The Right in Parliament

Many people born here will have difficulties with these upcoming negotiation processes, and will seek to define themselves as “true Germans”. Politically, then, it’s worth questioning whether the German Parliament will remain free of radical Right parties as it so far has been, in contrast to almost every other European state from Norway to Greece, from the Netherlands to Bulgaria. It’s also worth considering the potential creation of ethnic or religion-based parties, the politicisation of the Islamic diaspora, and a fragmentation of the political system that our parliamentary democracy is poorly equipped to cope with.

That said, the message to the Christian Social Union must be that the much-needed migration bill cannot be kicked into the long grass in an attempt to prevent the creation of a right-wing party.

Schools have long been central to the creation of this new Germany. They need to become real community centres, offering German language courses to adult refugees and making the schools the centre of community life. This would be the most significant educational reform in decades.

This would require the unthinkable action of bypassing welfare bureaucracy and providing money directly to the migrant associations that are best placed to help migrants help themselves. It is also worth considering a proper bonus system for those communities that exceed their obligations in taking in refugees.

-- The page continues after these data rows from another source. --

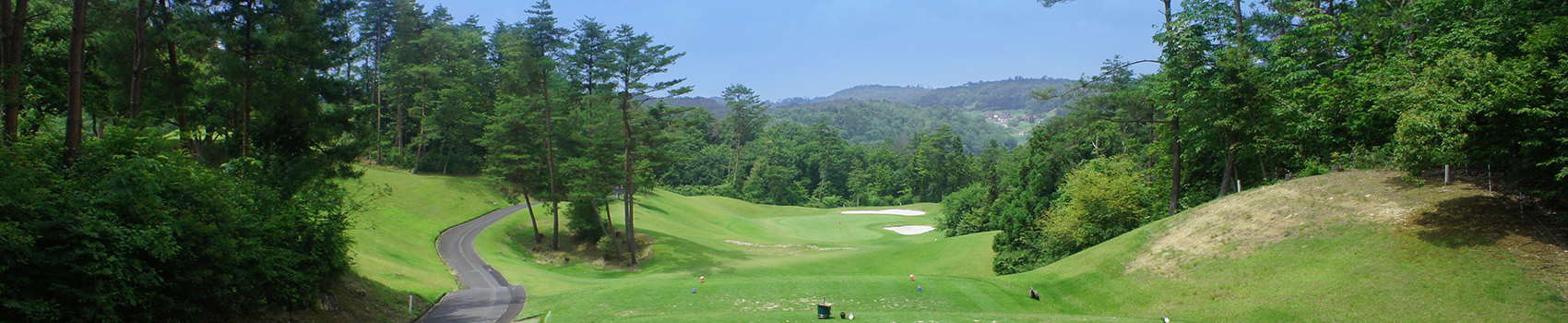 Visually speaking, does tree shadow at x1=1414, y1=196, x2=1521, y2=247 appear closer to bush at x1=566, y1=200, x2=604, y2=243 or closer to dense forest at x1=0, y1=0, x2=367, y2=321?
dense forest at x1=0, y1=0, x2=367, y2=321

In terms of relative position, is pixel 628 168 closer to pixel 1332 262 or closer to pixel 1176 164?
pixel 1176 164

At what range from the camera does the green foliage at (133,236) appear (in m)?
8.62

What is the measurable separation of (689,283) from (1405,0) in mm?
23297

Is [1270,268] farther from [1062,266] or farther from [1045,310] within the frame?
[1062,266]

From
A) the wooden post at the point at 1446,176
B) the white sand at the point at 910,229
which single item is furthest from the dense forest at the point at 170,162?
the white sand at the point at 910,229

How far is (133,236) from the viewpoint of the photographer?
946 cm

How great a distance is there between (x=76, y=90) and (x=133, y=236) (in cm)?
409

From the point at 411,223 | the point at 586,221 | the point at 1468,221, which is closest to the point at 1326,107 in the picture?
the point at 1468,221

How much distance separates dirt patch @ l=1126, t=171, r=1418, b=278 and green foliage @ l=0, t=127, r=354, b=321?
800 inches

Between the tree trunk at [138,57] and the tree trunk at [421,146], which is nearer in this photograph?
the tree trunk at [138,57]

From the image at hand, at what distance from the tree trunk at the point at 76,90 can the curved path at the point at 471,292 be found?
808 centimetres

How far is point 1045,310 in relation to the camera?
59.4 feet

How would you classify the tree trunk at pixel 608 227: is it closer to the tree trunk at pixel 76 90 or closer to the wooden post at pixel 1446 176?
the tree trunk at pixel 76 90

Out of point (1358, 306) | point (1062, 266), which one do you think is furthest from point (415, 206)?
point (1358, 306)
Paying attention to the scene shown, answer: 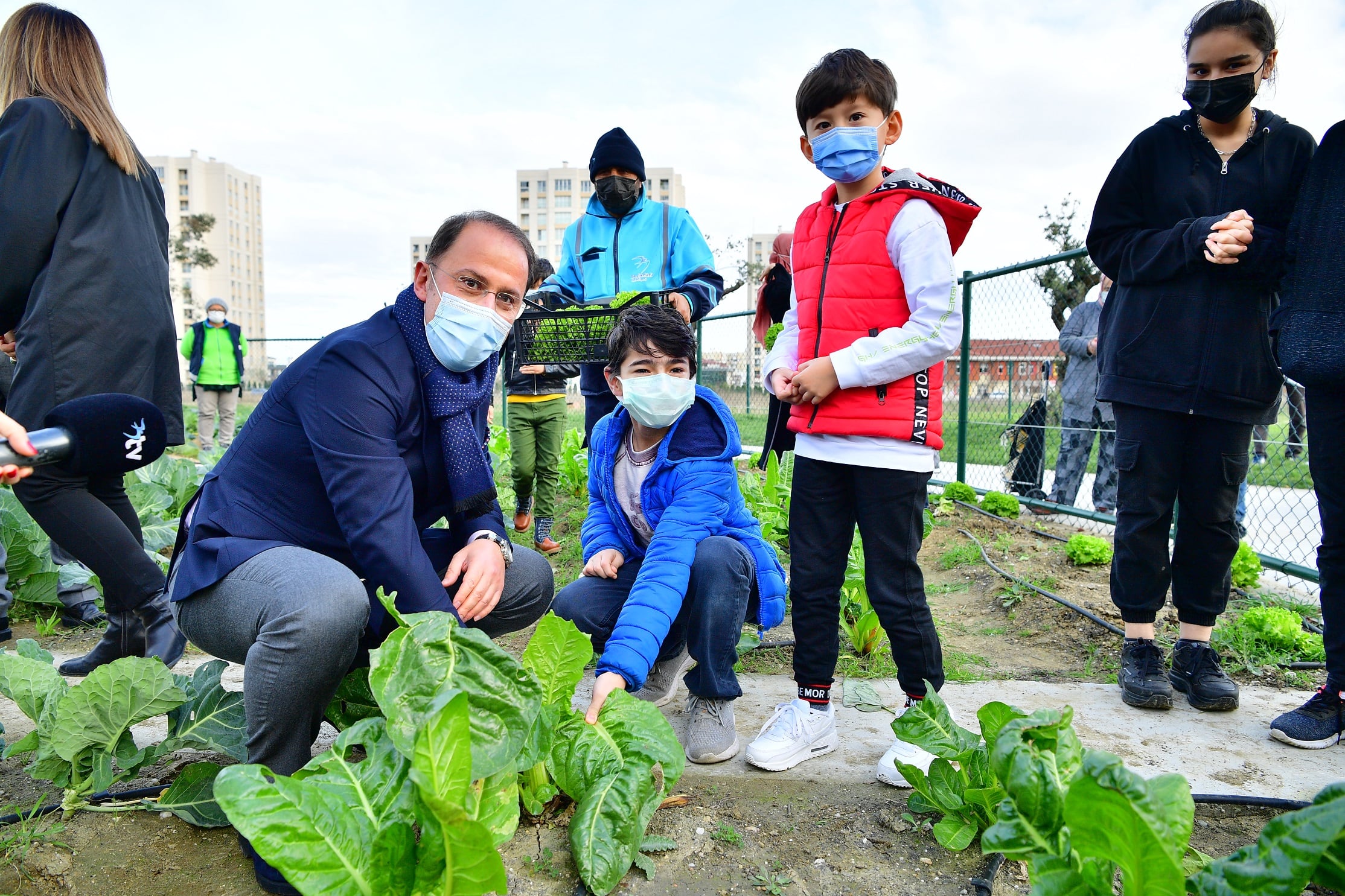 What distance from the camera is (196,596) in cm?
182

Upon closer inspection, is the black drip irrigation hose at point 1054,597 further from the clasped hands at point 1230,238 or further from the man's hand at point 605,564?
the man's hand at point 605,564

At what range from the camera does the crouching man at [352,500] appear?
5.47 feet

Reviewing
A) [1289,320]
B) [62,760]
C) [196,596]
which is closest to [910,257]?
[1289,320]

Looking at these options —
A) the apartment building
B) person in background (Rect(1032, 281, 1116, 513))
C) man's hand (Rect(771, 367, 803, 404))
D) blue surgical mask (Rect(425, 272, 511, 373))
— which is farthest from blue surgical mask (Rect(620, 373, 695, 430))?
the apartment building

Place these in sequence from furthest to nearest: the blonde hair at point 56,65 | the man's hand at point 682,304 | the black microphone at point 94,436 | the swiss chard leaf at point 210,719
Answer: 1. the man's hand at point 682,304
2. the blonde hair at point 56,65
3. the swiss chard leaf at point 210,719
4. the black microphone at point 94,436

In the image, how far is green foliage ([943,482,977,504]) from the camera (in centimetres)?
586

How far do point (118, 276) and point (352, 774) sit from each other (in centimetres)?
197

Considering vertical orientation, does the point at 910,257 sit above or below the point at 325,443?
above

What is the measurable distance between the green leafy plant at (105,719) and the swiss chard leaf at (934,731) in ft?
4.76

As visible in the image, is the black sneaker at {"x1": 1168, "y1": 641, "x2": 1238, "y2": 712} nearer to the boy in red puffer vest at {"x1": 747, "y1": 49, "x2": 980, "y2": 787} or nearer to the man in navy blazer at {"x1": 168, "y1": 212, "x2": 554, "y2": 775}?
the boy in red puffer vest at {"x1": 747, "y1": 49, "x2": 980, "y2": 787}

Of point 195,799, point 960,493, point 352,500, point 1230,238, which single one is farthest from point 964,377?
point 195,799

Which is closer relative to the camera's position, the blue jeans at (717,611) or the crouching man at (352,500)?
the crouching man at (352,500)

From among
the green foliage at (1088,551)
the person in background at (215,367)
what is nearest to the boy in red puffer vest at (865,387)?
the green foliage at (1088,551)

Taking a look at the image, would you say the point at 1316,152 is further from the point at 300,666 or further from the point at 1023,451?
the point at 1023,451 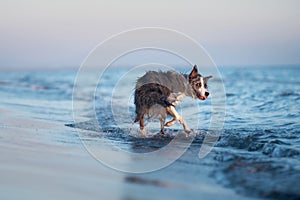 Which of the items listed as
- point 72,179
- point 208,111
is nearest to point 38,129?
point 72,179

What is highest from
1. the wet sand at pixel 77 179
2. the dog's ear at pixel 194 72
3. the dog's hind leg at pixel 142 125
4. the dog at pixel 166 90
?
the dog's ear at pixel 194 72

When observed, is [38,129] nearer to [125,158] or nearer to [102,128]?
[102,128]

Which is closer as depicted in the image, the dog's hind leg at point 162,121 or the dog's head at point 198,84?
the dog's head at point 198,84

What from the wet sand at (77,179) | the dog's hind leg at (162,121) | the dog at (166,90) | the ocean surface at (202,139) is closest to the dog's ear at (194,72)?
the dog at (166,90)

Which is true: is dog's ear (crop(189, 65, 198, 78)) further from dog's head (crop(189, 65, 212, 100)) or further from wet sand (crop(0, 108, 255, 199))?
wet sand (crop(0, 108, 255, 199))

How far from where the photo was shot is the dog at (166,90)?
7.53 m

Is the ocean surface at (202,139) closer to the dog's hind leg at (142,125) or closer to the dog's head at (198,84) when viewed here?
the dog's hind leg at (142,125)

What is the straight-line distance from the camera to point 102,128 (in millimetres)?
8688

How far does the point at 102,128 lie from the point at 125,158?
3000mm

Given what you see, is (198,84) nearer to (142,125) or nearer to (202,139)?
(202,139)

This can link our considerable national wealth to the ingenuity of refugees and migrants, and promote social innovation in the economy, in society and in politics. This type of society would need what we have long been calling for: trust. Trust that the migration process will succeed in the medium term;that it can drive our country forward without damaging it. Integration is not a walk in the park, as we all know. But it’s better to organise the process than to endure it.